Only the first of all eight Mercier children survived. The last seven all died very young, with no causes of death reported in the records: a set of twins born on the same day and who died together 14 days later, then two more boys and three more girls, all born about two years apart, all dying between 10 days and two years of their births. Four of the deaths occurred in extreme winter months. Did they succumb to freezing or pneumonia? Were they victims of epidemics of contagious diseases in the colony? Or was something more sinister the cause? These questions will never be answered, but there is no doubt that the seriousness of events in Marguerite’s life was a recipe for hardship and sorrow for her and for hundreds of other women whose lives in early Québec were at least similar.

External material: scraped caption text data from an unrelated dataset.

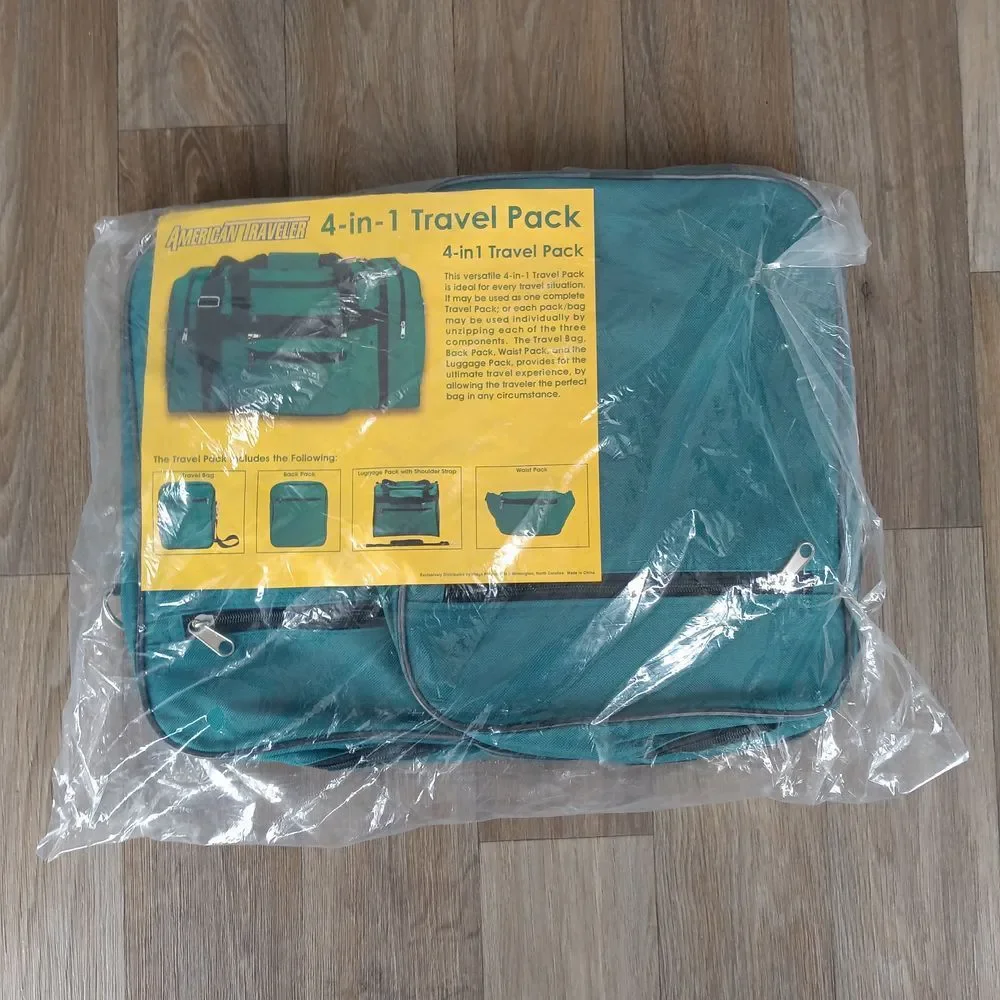 American Traveler 4 in 1 Travel Pack Green Travel Bag Backpack Luggage Waist Bag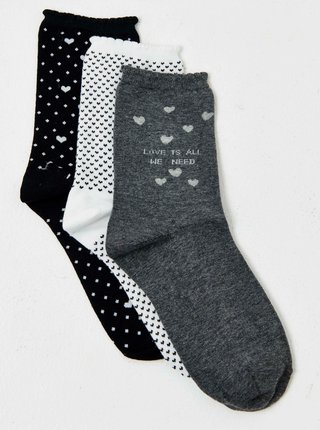 Ponožky pre ženy CAMAIEU - čierna, biela, tmavosivá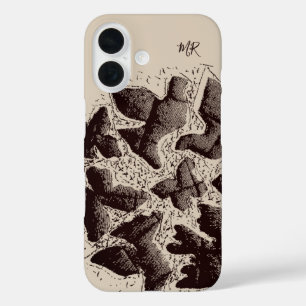 Monogram Initials Vintage Retro Hand Drawn Bird  iPhone 16 Case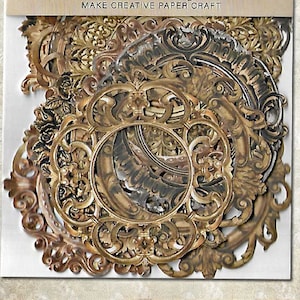 Vintage Retro Ornate Round Frames Journal Ephemera Embellishments Junk Journals Scrapbooking Collage Cardmaking 20pcs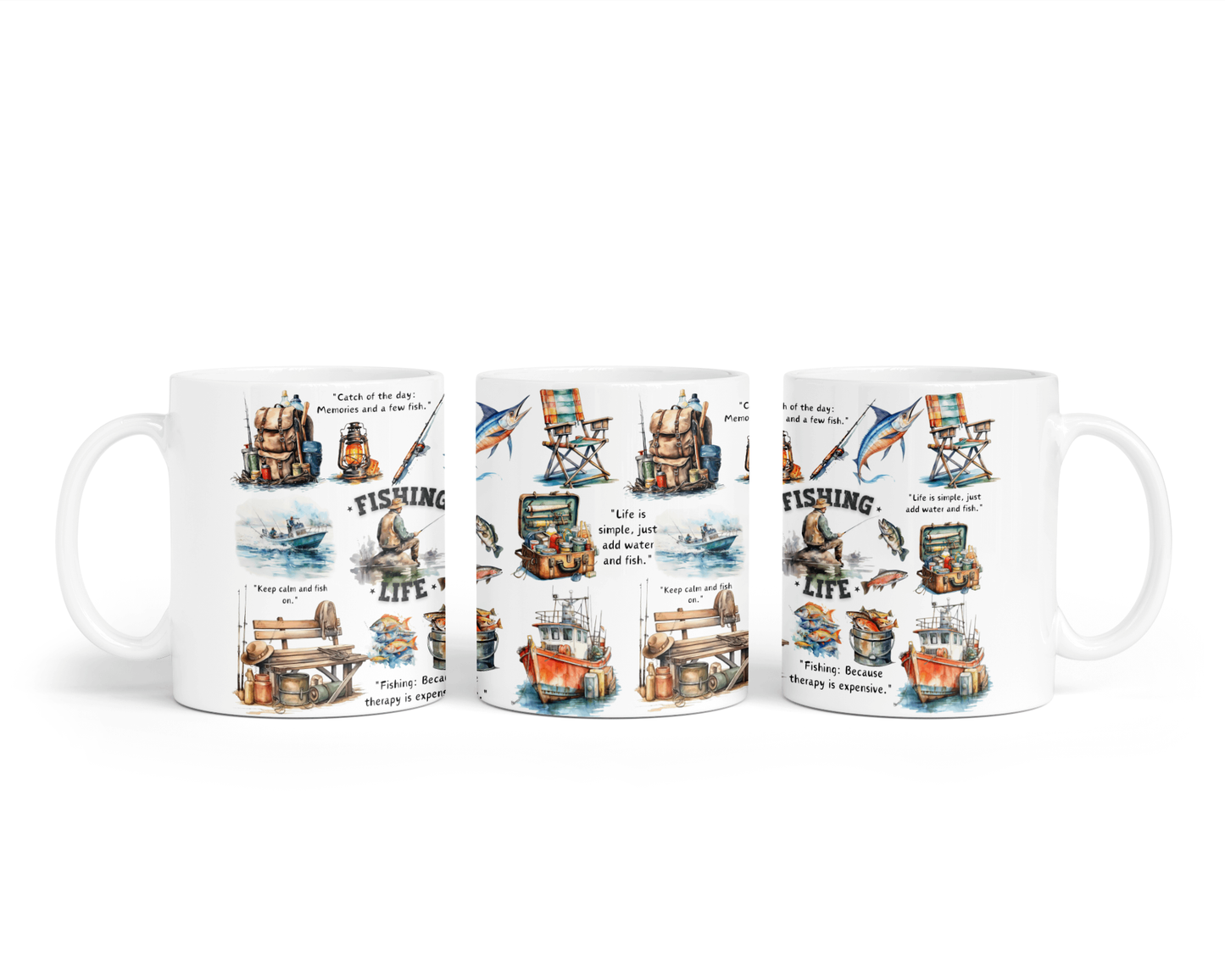 Ceramic Mug - 'Fishing Life' Design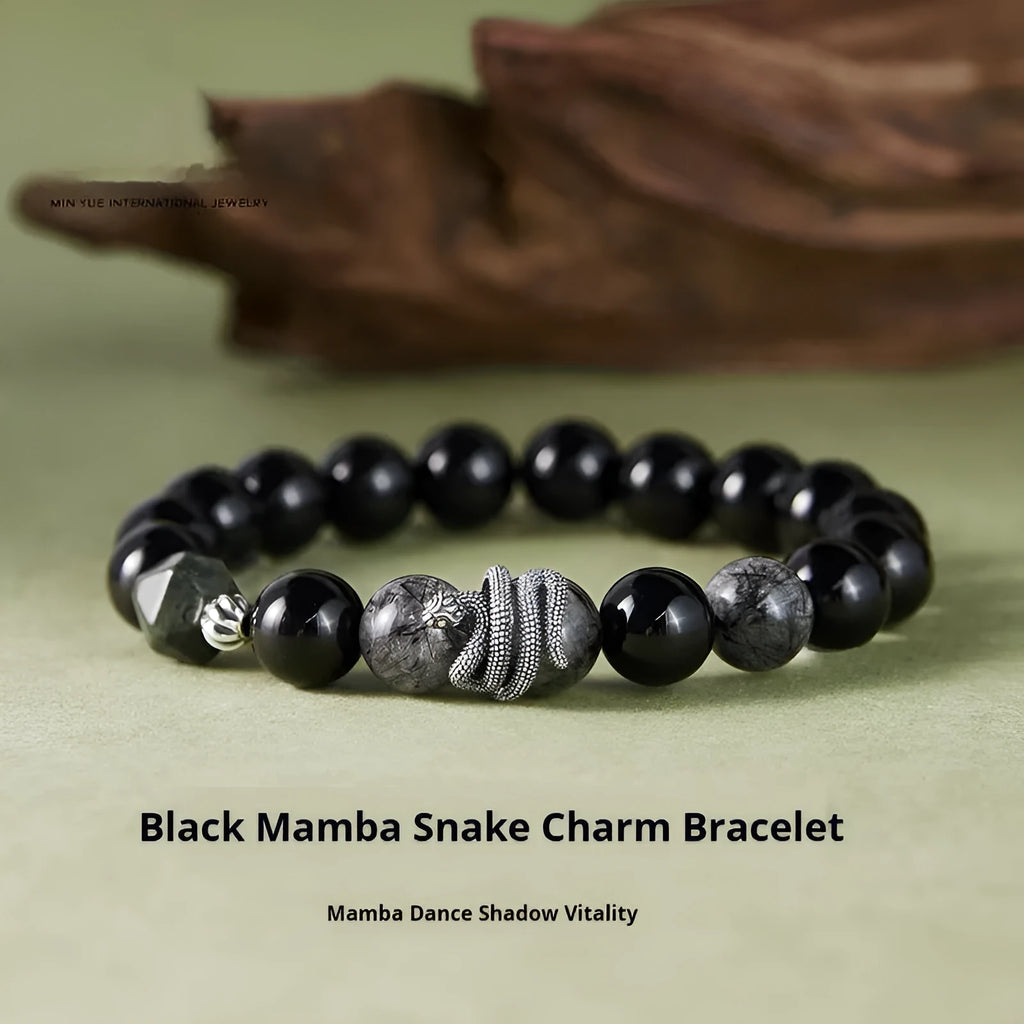Men's black snake bracelet in sterling silver with obsidian detailing showing 10mm diameter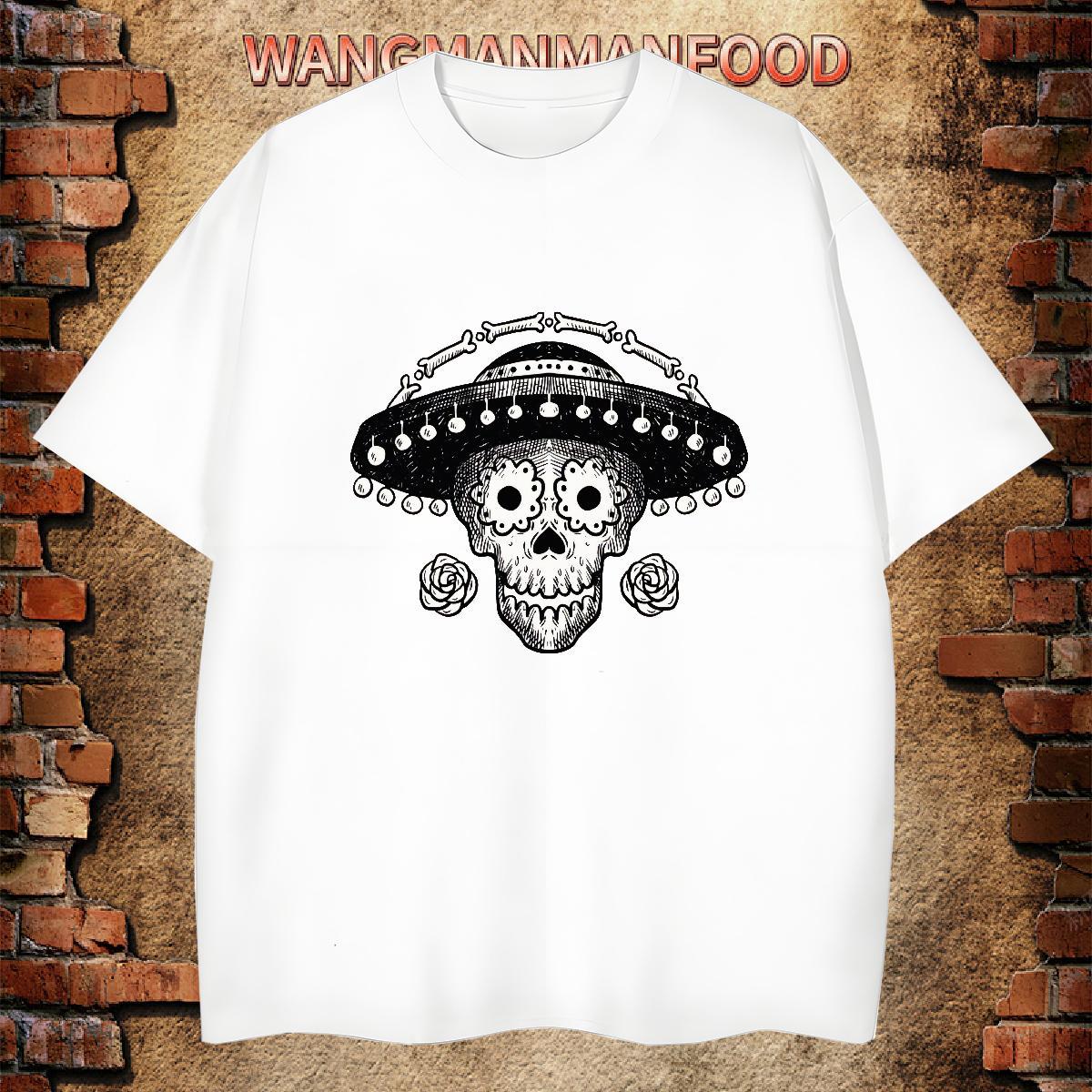 Unisex T-Shirts for Men 230g Cotton skull Street wear Hip Hop Anime O-Neck Short Sleeve Men Tshirts Factory Direct Wear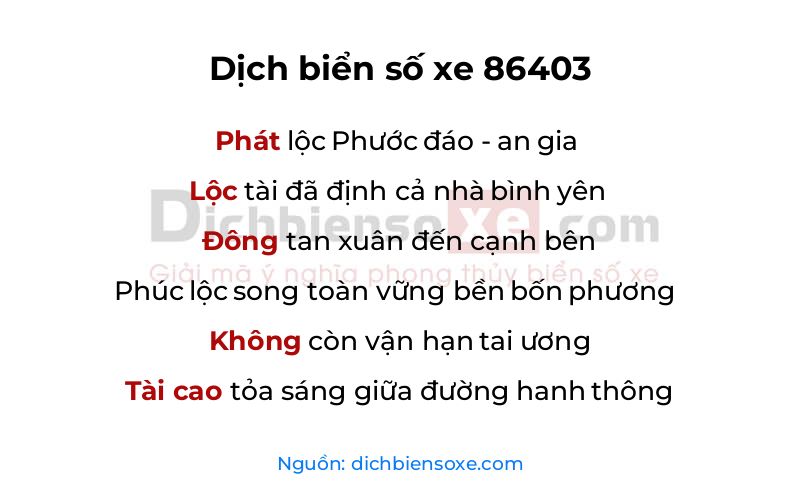 Dịch thơ biển số 86403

Marguerite did not reach the average age of her Filles du Roi counterparts. She died of unreported causes sometime after October 10, 1714 at approximately the age of 57. She had been in Canada for 44 years and the youngest of her living children was already 28 years old.

Sadly Marguerite Lamain would only have vaguely known her own parents, if she knew them at all. She might have lived all or only a portion of her childhood with siblings or cousins, friends, or relatives. Anybody she might have loved in France and everything in that early chapter of her life was lost forever when she was placed aboard Saint Jean-Baptiste in 1670 among strangers and sent to meet a nebulous future in a completely different world. She must have been very scared.

The life she managed in Canada was one of obvious adversity, one she met on her own. As she faced each challenge, there were few if any choices. We only know that she accepted the consequences of her unfolding years with immense courage because she needed to survive. And her bravery came from a source of great character strength, one that we all inherited in some form. What would we have done in her situation? Or are we too spoiled to care?

I can’t help but conclude that this was another lamentable story that would have made a most gripping movie. If there were more details available, the temptation might have been too much to resist.